You can get those machines second hand for the price range you specified.
About the USB storage, just be careful about what OS you're running. It is very important that you to manually configure the system not to write logs and other crap to the flash storage OR... you can pick something like Armbian (yes it does have a x86 version) that is already tweaked to run on SD card and other kinds of flash.
If cheap USB flash isn't performant enough maybe a USB SSD of some kind (there are some that are NVMe) will most likely work you. Anyway don't forget that USB may disconnect when pushed around and it can become a issue.
I frankly wouldn't run anything over USB because it is painful but it is an option. Maybe make a solid case for your mini computer and the hard drive and bolt everything down into place.
I'm currently running 3.5 inch HDDs via usb3.0 to sata. Working ok so far (time will tell) but I do need a plug socket for every one of them
If you pick one of those machines with a "T" CPU you won't even notice them. They'll downscale on idle to probably around the same power the N100 would. The real difference is that they'll use more power if you demand more resources but even that that point do you really care about a few watts?
Before anyone loses their minds, imagine you get the i3-8300T model that will peak at 25W, that's about 0.375$ a month to run the thing assuming a constant 100% load that you'll never have.
Even the most cheap ass cloud service out there will be more expensive than running that unit at 100% load. People like to freak about power consumption yet it's not their small mini PC that ruins their power bill for sure.
Not sure how you came to that conclusion, but even in places with very cheap electricity, it does not even come close to your claimed $0.375 per month. At 25 W you would obviously consume about 18 kWh per month. Assuming $0.10/kWh you'd pay $1.80/month. In Europe you can easily pay $0.30/kWh, so you would already pay more than $5 per month or $60 per year.

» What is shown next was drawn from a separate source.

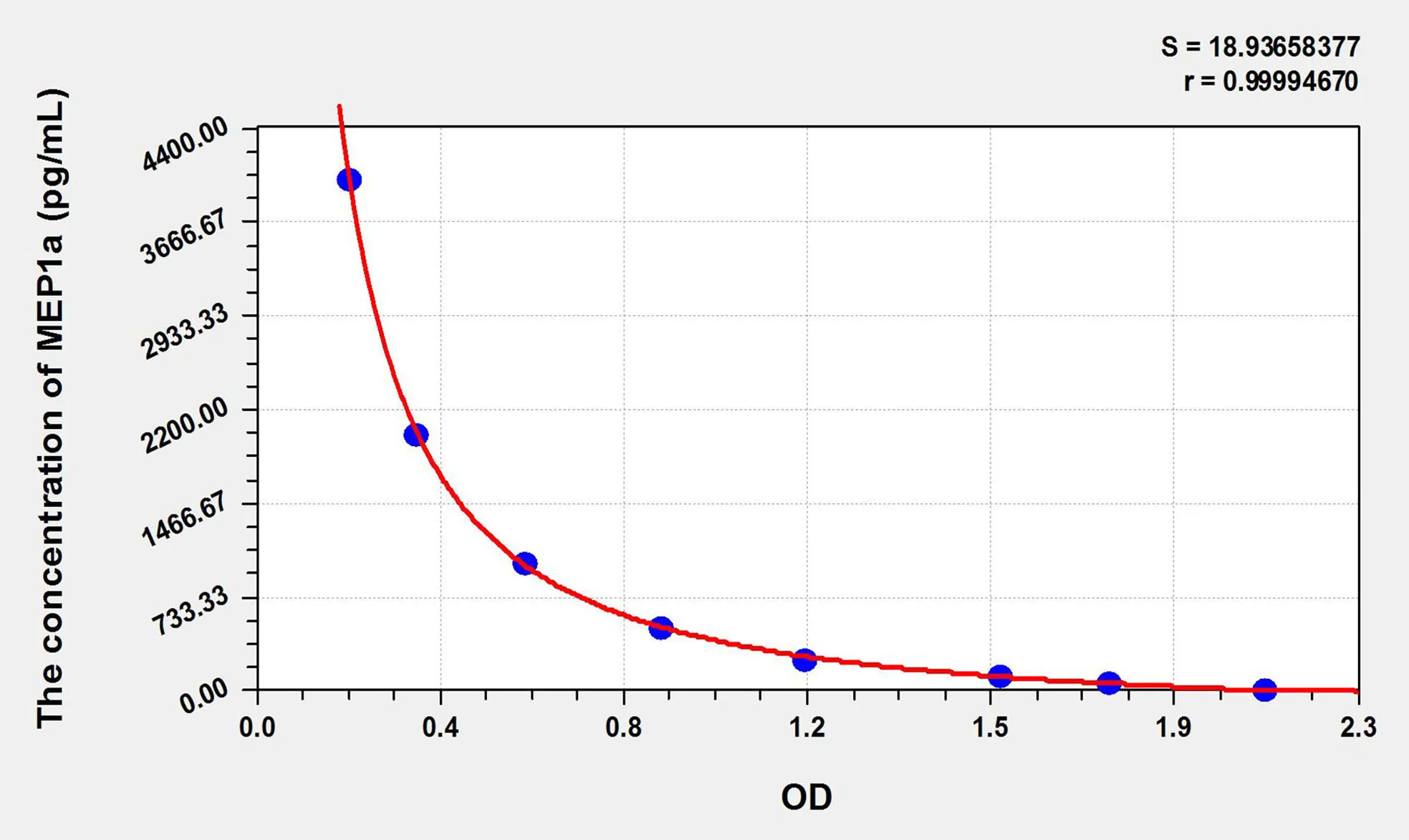 Human MEP1a (Meprin A Alpha) ELISA Kit - image 1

Just used cpubenchmark.net.
Well, what they are stating is obviously wrong then. No need to use some website for that anyway, since it is so easy to calculate yourself.
Okay, you're into something, they're considering 8 hours / day at 0.25$ per kWh2 and 25% CPU by default. Still if we tweak that into reasonable numbers, or even consider your 60$/year it will still be cheaper than a cloud service... either way those machines won't run at 25W on idle, more like 7W.

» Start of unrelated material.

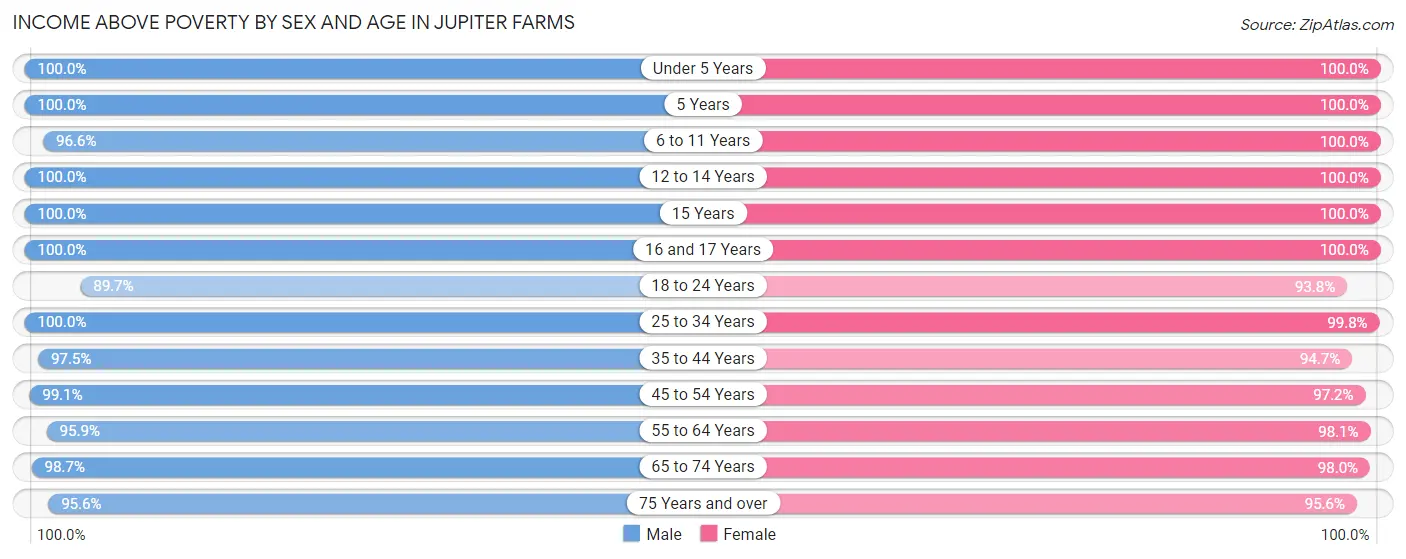 Income Above Poverty by Sex and Age in Jupiter Farms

Sure, cloud services can get quite expensive and I agree that using used hardware for self-hosting - if it is at least somewhat modern - is a viable option.
I just wanted to make sure, the actual cost is understood. I find it rather helpful to calculate this for my systems in use. Sometimes it can actually make sense to replace some old hardware with newer stuff, simply because of the electricity cost savings of using newer hardware.

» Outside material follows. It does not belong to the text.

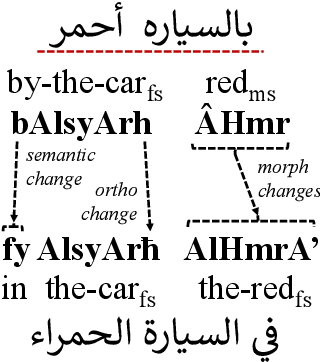 Figure 1 for Automatic Error Type Annotation for Arabic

Yes and we usually see that with very old server grade hardware vs new-ish consumer hardware. Once the price difference is around 100$ or so, we're talking about years before break-even and it may not make much sense.
Yes, I'm in Europe with this Ukrainian/Russian mess whatever you're paying I can assure you I'm paying more than most people reading this and you don't see me freaking out about a mini PC. Even if you multiply everything above by 4 (and that will certainly go over wtv someone is paying right now) you'll sill be talking about a very little money compared to everything else you're running in our houses.
While I agree 25W is not much, I pay around 1€ for 1W a year (Croatia) and I know there are countries that pay way more thn that. Still, we are talking about power that is close to SBC consumption, you cant go much lower. I think number of devices (drives etc) are more important than actual CPU idle power
Yes, or even the BIOS setup, some of those machines allow to disable CPU cores and un-used hardware.